Perform your shell work in parallel

Introduction

In some cases, breaking your larger programming problems into smaller, parallelizable units makes sense from a time complexity problem. If the work you are trying to perform exhibits some of these parallelizable characteristics, you should only need to wait for the longest of your jobs to finish.

In today’s post, we’ll be talking about GNU Parallel.

A summary from their website:

GNU parallel is a shell tool for executing jobs in parallel using one or more computers. A job can be a single command or a small script that has to be run for each of the lines in the input. The typical input is a list of files, a list of hosts, a list of users, a list of URLs, or a list of tables. A job can also be a command that reads from a pipe. GNU parallel can then split the input and pipe it into commands in parallel.

Input

The input system is quite complex. Delimiting the inputs with the ::: operator, parallel will make a catersian product out of the input values.

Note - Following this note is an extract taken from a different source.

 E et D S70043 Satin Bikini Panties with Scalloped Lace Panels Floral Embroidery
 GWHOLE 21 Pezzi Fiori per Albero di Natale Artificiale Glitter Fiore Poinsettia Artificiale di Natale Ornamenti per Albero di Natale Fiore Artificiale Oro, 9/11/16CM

parallel echo ::: John Paul Sally
John
Paul
Sally

parallel echo ::: John Paul Sally ::: Smith
John Smith
Paul Smith
Sally Smith

parallel echo ::: John Paul Sally ::: Smith Jones Brown
John Smith
John Jones
John Brown
Paul Smith
Paul Jones
Paul Brown
Sally Smith
Sally Jones
Sally Brown

Linkage is possible using :::+, should this flexibility be required.

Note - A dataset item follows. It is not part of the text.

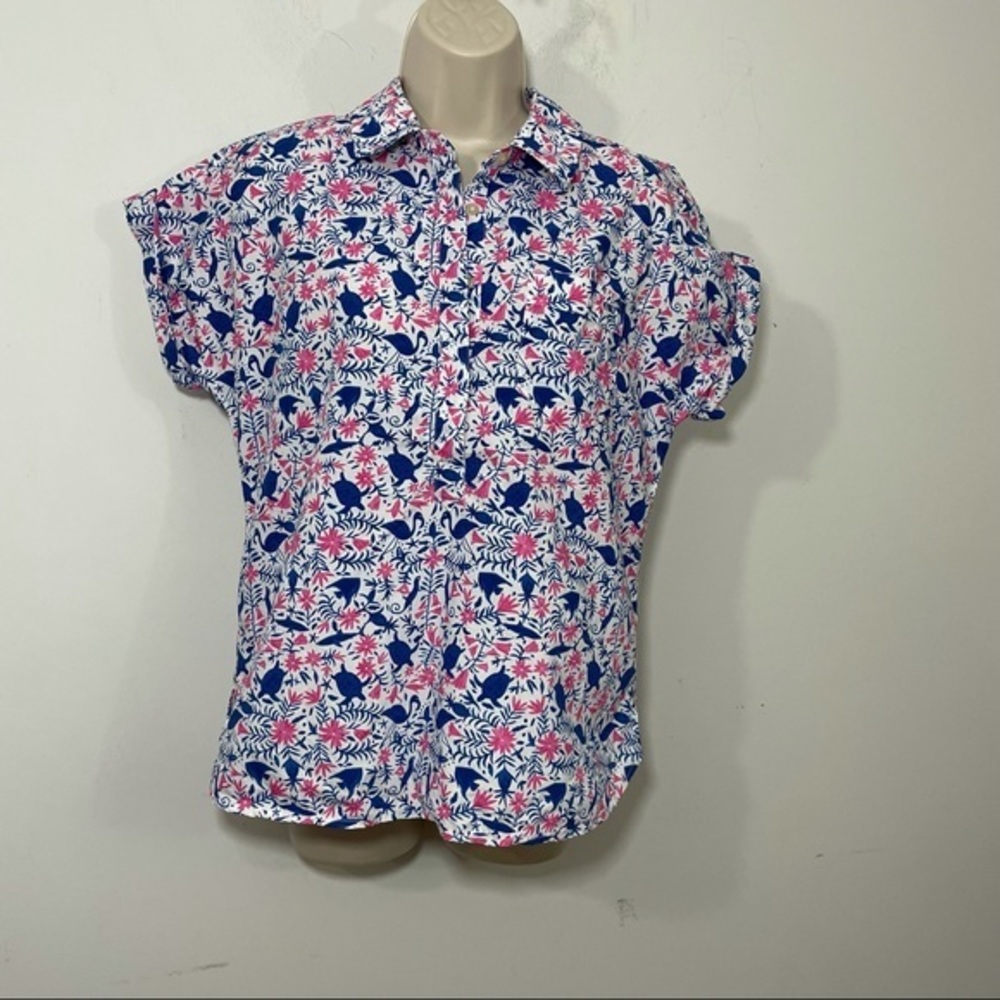 Vineyard vines pullover cotton short sleeve roll tab boxy blouse 6 turtles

parallel echo ::: John Paul Sally :::+ Smith Jones Brown
John Smith
Paul Jones
Sally Brown

See more about input sources in the tutorial.

curl

For some examples, I’ll use curl.

Let’s get three web pages downloaded:

  • google.com
  • yahoo.com
  • zombo.com

Getting these down, one at a time times in at nearlly 1.2 seconds.

( curl www.google.com && curl www.yahoo.com && curl www.zombo.com; )  0.02s user 0.05s system 5% cpu 1.195 total

Running these downloads in parallel, we take half a second off the time:

parallel curl {1} ::: www.google.com www.yahoo.com www.zombo.com  0.21s user 0.04s system 33% cpu 0.774 total

Summing up

GNU Parallel is a great utility to get multiple things done at once at the shell. Take a look at the tutorial and immediately become more productive.